As it has been a while since the last EM Bond Snapshot, there are quite a few changes to our portfolio. We maintain an overweight position in Russia, as we have done for five consecutive times now and move Poland from neutral to overweight. Mexico stays neutral, while South Africa and Hungary are upgraded from underweight to neutral, switching positions with Turkey. The biggest change is for Brazil, which is moved to our biggest underweight, from the biggest overweight in April.
Overweight: Russia (+11.1%) and Poland (+5.1%)
Russia is our largest overweight this time, as we continue to be positive on the Russian economy. Russia also benefits from a positive development in carry, unlike the other countries in the portfolio. We have moved Poland to a 5% overweight, reflecting a somewhat positive outlook for the zloty in the medium term plus the attractive carry.
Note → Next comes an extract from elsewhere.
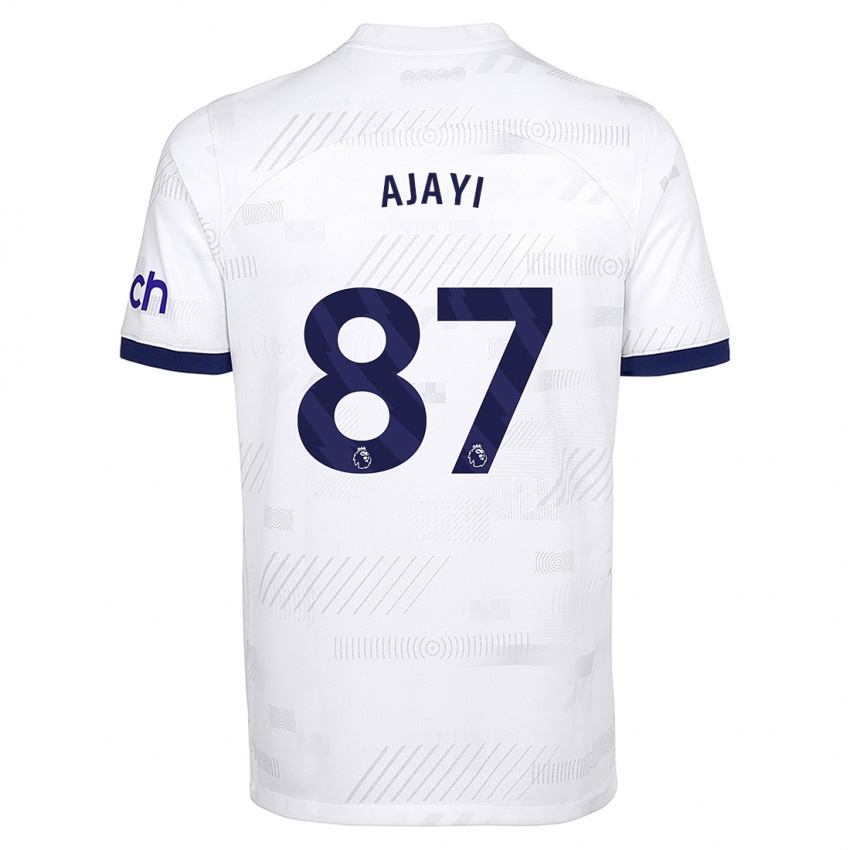 Kobiety Damola Ajayi #87 Biały Domowa Koszulka 2023/24 Koszulki Klubowe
Neutral: Mexico (+2.5%), Hungary (+0.5%) and South Africa (-0.1%)
In the neutral range we have kept Mexico, bordering on overweight, as the economy continues to do well, while the peso seems to be trading at a fair level after the recent rebound. Here we also have Hungary and South Africa, both of which we were fairly underweight on in April. Although we still view the Hungarian economy as fundamentally very weak, there is attractive carry on the forint in the short term and a benign financial environment that is likely to support it. The outlook for South Africa is still relatively weak and the upgrade to neutral is mostly a consequence of the fact that the rand is trading at a less overvalued level than before the summer and risk to the rand is still clearly on the weaker side.
Underweight: Turkey (-4.4%) and Brazil (-14.5%)
We have moved Brazil to a significant underweight, to reflect that we have become rather pessimistic on Brazilian growth, as domestic demand is slowing together with a weak outlook for the major export partners. Carry has also come down and the potential for further monetary easing means that we also have a relatively weak outlook for the real on a six-month horizon. For Turkey, the underweight is caused by a weak lira forecast on a six-month horizon.